The housing market has been hot this summer. The data stemming from this market has been even hotter. Turns out, while you were busy having fun, your home was increasing in value. According to research recently released by Zillow, home values in the Greater Boston Area have been up as much as 16% since 2013. What this boils down to for the average homeowner is one thing: EQUITY!
What is Equity?
A home’s equity is the difference between the fair market value and any liens on the property. If you owe $100,000.00 and the value is $250,000.00 that gives you $150,000.00 in equity and puts your loan to value (LTV) at 40%.
How do I know how much equity I have?
While we have access to databases that can estimate your home’s value, a Residential Appraisal is required on most loans. A licensed Appraiser would visit your home and determine its value based on the recent sales of similar homes.
What Can I do with Equity?
If you’re currently paying a higher interest rate, you may be able to lower your interest cost. If you’re currently paying Mortgage Insurance and you have at least 20% equity, you can refinance and remove that monthly cost, too.

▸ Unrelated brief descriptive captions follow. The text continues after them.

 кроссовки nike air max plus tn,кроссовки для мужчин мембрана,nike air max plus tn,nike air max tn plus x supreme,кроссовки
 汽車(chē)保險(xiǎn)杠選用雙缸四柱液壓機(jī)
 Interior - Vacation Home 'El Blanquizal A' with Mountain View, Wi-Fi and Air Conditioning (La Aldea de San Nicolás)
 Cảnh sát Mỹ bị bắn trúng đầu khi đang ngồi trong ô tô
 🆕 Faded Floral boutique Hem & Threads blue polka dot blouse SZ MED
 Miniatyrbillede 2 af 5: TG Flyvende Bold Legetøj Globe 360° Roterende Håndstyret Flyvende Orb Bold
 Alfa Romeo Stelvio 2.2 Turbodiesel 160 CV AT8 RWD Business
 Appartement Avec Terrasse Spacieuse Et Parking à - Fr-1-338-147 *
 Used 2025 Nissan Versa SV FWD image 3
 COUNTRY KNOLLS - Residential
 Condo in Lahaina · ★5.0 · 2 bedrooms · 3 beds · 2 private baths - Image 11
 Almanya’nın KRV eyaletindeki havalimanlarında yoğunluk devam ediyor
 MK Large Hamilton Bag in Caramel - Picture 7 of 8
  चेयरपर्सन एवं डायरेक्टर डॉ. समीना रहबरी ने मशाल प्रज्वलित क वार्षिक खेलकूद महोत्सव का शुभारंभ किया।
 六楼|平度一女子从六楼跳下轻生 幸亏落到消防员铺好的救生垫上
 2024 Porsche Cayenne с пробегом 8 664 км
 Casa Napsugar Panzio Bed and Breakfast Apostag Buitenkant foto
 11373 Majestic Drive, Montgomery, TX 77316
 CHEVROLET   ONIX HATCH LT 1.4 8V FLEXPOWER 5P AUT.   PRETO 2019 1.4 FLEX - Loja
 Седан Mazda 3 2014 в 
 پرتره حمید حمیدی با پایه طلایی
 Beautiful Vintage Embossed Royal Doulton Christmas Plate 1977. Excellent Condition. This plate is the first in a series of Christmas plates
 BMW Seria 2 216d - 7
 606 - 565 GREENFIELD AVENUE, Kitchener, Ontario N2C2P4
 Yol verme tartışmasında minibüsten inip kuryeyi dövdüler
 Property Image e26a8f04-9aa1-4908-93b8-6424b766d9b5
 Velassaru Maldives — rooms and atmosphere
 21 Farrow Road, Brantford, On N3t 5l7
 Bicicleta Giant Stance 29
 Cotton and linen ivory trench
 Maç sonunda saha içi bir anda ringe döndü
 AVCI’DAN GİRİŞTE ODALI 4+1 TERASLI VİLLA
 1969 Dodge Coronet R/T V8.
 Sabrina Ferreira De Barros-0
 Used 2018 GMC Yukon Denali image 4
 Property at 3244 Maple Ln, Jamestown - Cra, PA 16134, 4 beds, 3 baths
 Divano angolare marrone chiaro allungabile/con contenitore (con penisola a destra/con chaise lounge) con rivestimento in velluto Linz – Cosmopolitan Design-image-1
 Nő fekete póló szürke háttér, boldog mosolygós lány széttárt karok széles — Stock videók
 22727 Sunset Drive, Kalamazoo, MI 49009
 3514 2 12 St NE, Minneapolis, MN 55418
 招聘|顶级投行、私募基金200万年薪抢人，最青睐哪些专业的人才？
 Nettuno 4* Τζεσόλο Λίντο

With a Cash-Out refinance, you can turn the equity in your home into money in your wallet. You can borrow up to 80% of your home’s value without mortgage insurance.
Just because home values have gone up, that does not necessarily mean YOU need to do anything about it. You can always wait to take advantage of equity until you sell or refinance. Continue building your equity by: making improvements with a high rate of return, keeping up with maintenance, and by making additional mortgage payments when you can.